According to FTR’s Shippers Conditions Index (SCI), the current level of capacity stands at -8.7. Now, that’s a very, very modest improvement from the -8.8 reading from the previous month, but the fact that the needle barely budged from month to month is pretty much bad news. FTR says the tight capacity will moderate slightly in the coming months. If the economy improves this summer, well… that’s not necessarily good news either, because as FTR sees it, if freight volumes increase significantly, capacity could reach a critical stage that would force shippers to incur additional transportation costs.”
“Shippers learned that it doesn’t take much for a market that is operating with slim excess capacity to jump into the driver’s seat for rate increases,” explains Jonathan Starks, FTR’s director of transportation analysis. “The strong spot market rate increases seen during January, February and March highlighted how quickly the environment can change on them.

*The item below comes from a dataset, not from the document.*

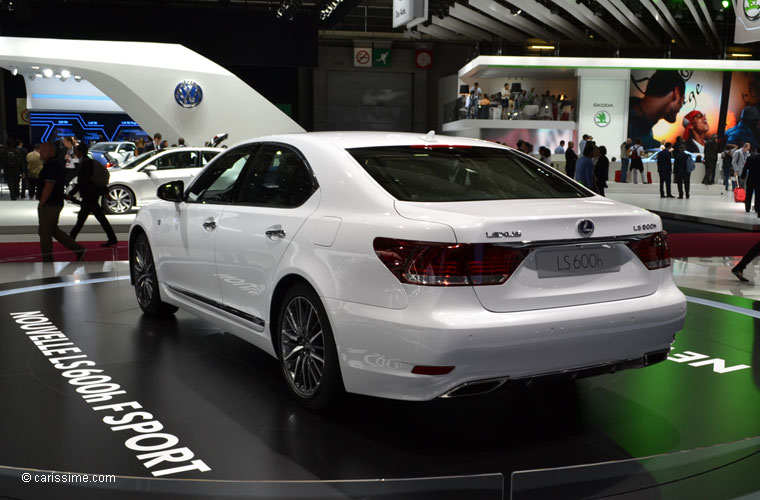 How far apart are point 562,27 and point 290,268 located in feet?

Just one year ago, several industry sources were showing that general rate increases were actually below year-ago levels; shippers were getting rate reductions. A fairly static economy allowed that to take place, but the introduction of new Hours-of-Service (HOS) rules for drivers back in July 2013 changed that. Add in the potential for further economic acceleration in 2014 and we find it very unlikely that shippers will be able to get the rate reductions that they achieved last year.”
Starks expects to see general rate increases of between 4%-5% for the year for truckload carriers, and national rate figures could hit 6% or even higher.